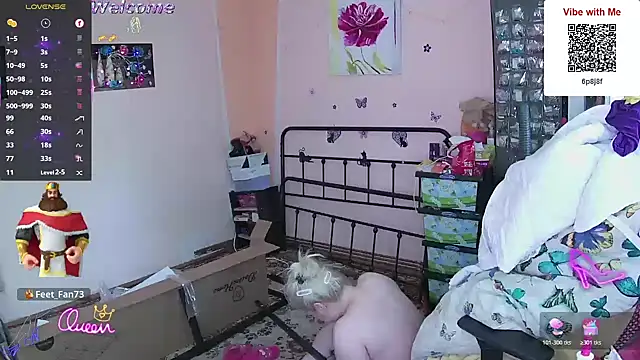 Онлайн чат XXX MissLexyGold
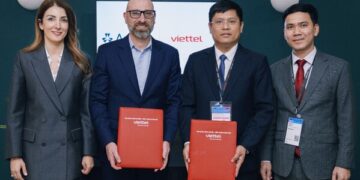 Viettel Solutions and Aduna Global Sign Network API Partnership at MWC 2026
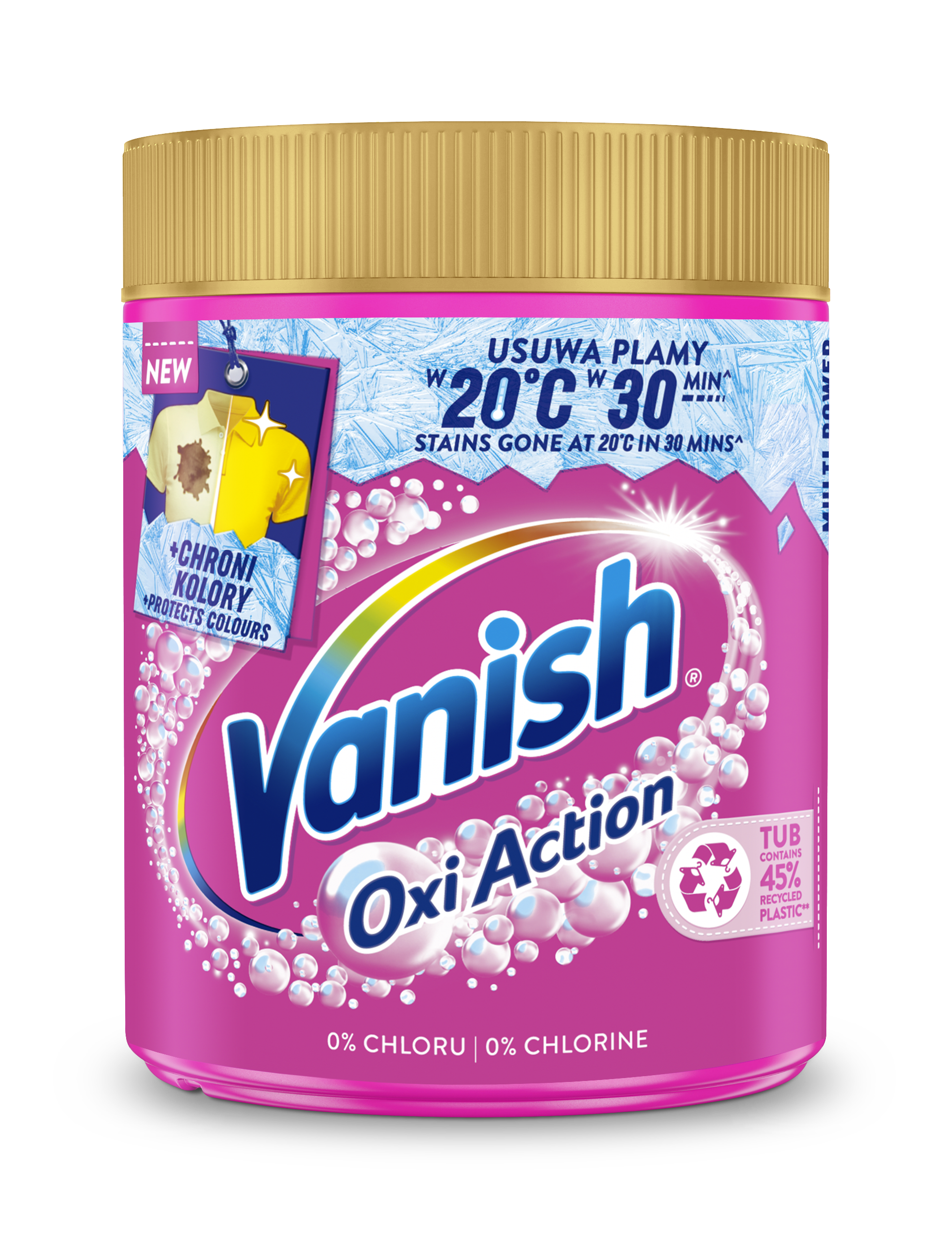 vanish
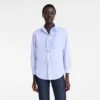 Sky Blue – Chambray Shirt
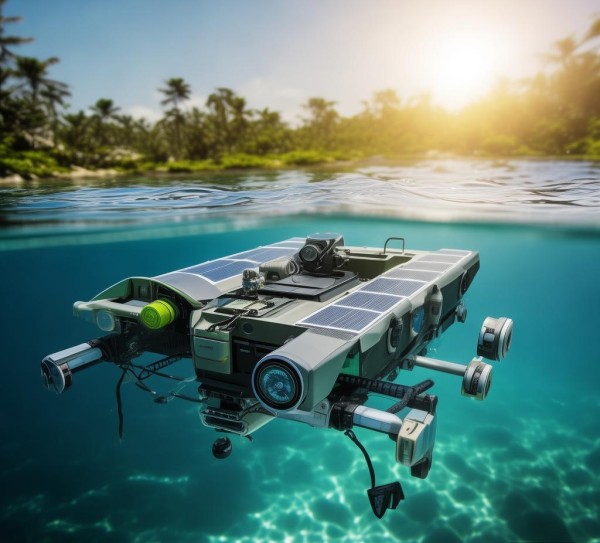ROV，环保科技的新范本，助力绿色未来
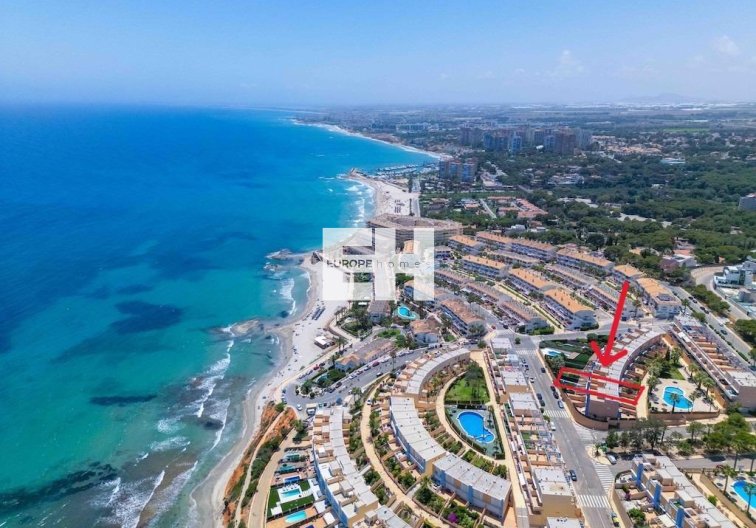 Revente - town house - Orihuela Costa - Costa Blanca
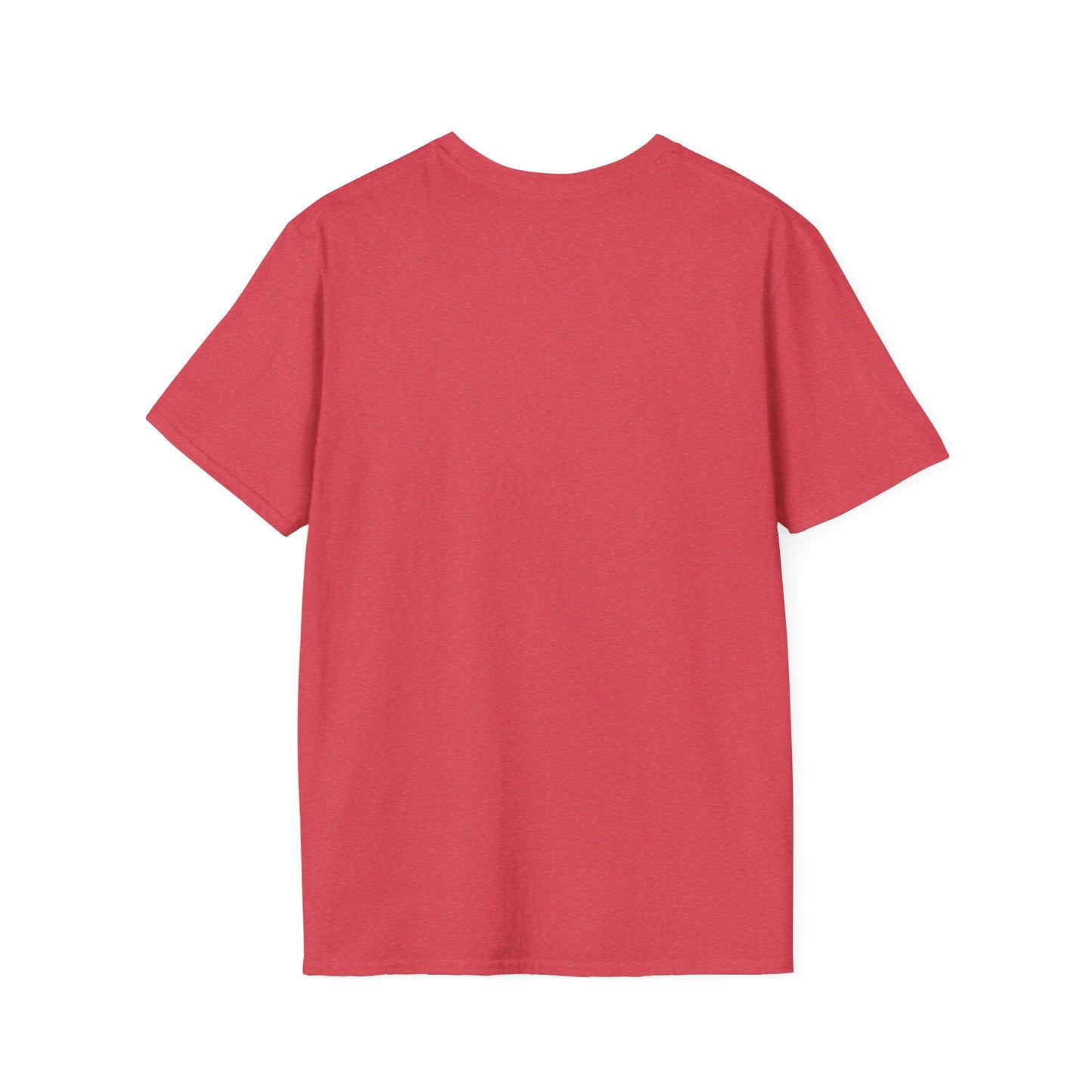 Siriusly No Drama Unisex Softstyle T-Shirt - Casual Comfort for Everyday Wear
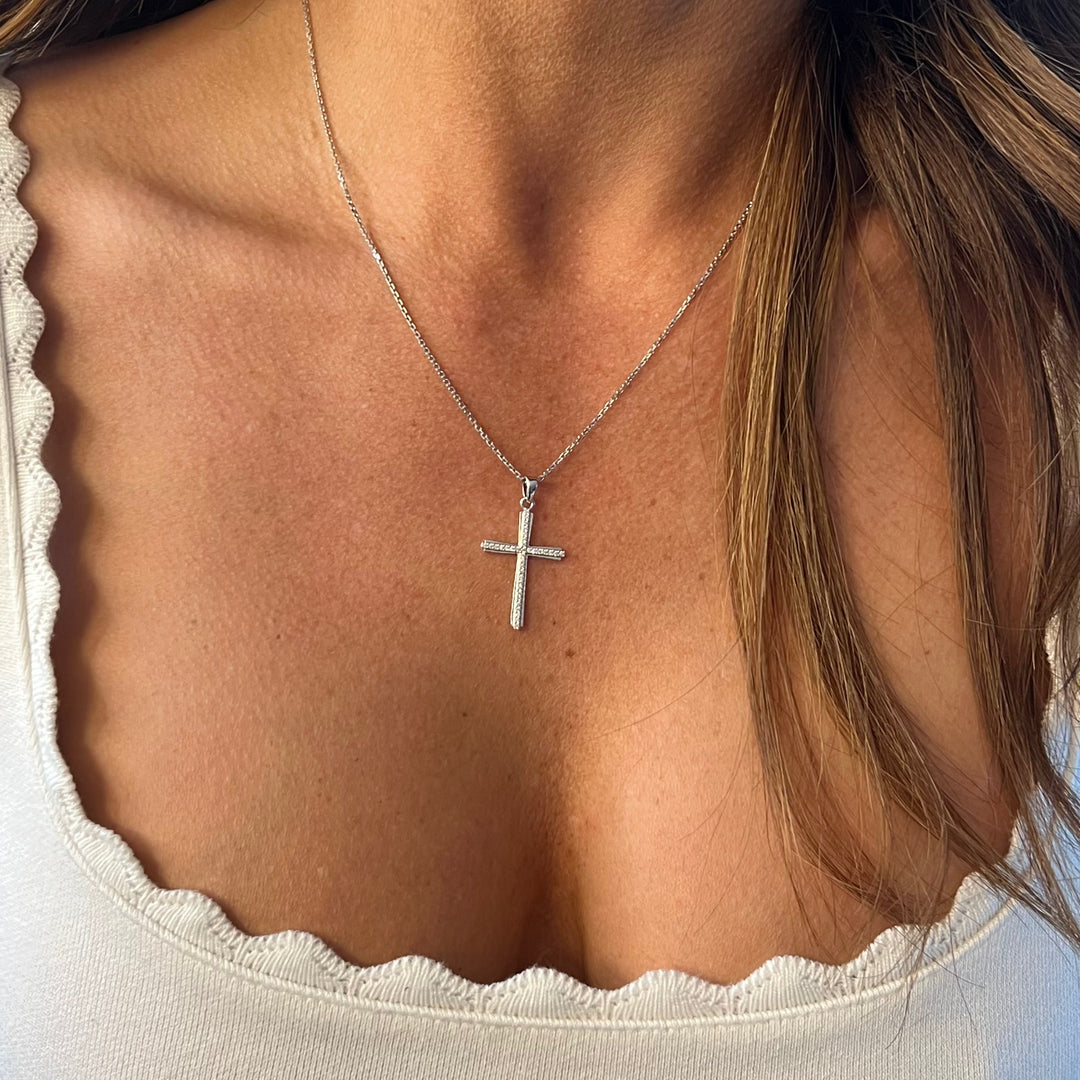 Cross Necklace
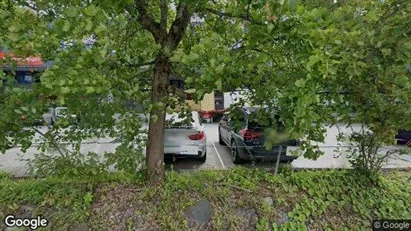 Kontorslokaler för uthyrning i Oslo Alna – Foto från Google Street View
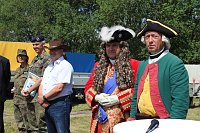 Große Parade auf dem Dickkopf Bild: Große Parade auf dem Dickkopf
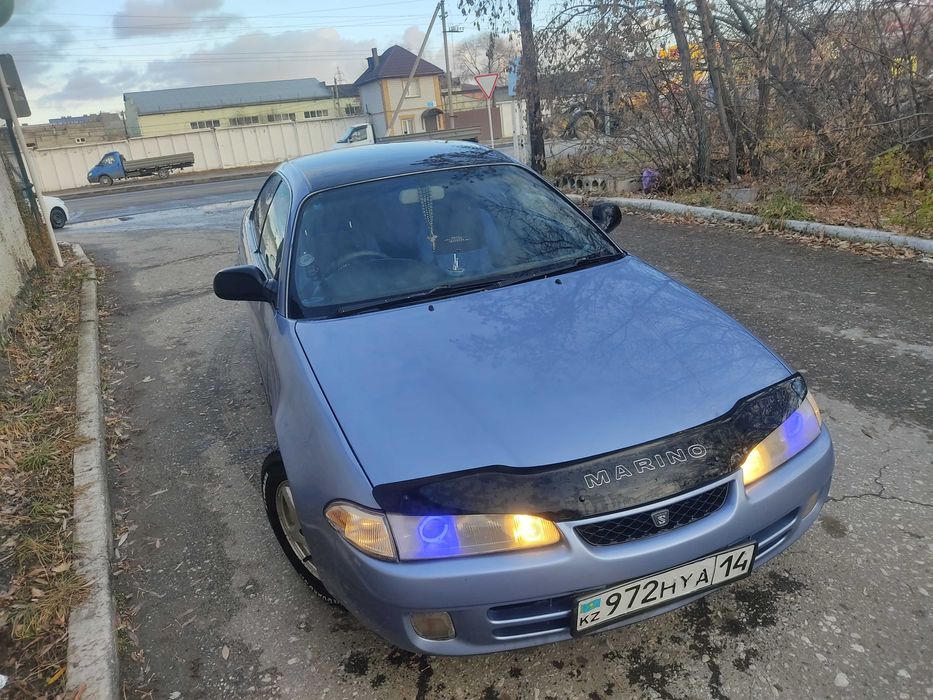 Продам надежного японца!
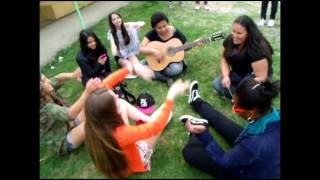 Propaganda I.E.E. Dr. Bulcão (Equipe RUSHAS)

================

Assignment
Print exactly the span of lines that begins with the line containing "Cross Necklace" and ends with the last line of the listing, with no pictures.

Result of this exercise
 Cross Necklace
 Kontorslokaler för uthyrning i Oslo Alna – Foto från Google Street View
 Große Parade auf dem Dickkopf Bild: Große Parade auf dem Dickkopf
 Продам надежного японца!
 Propaganda I.E.E. Dr. Bulcão (Equipe RUSHAS)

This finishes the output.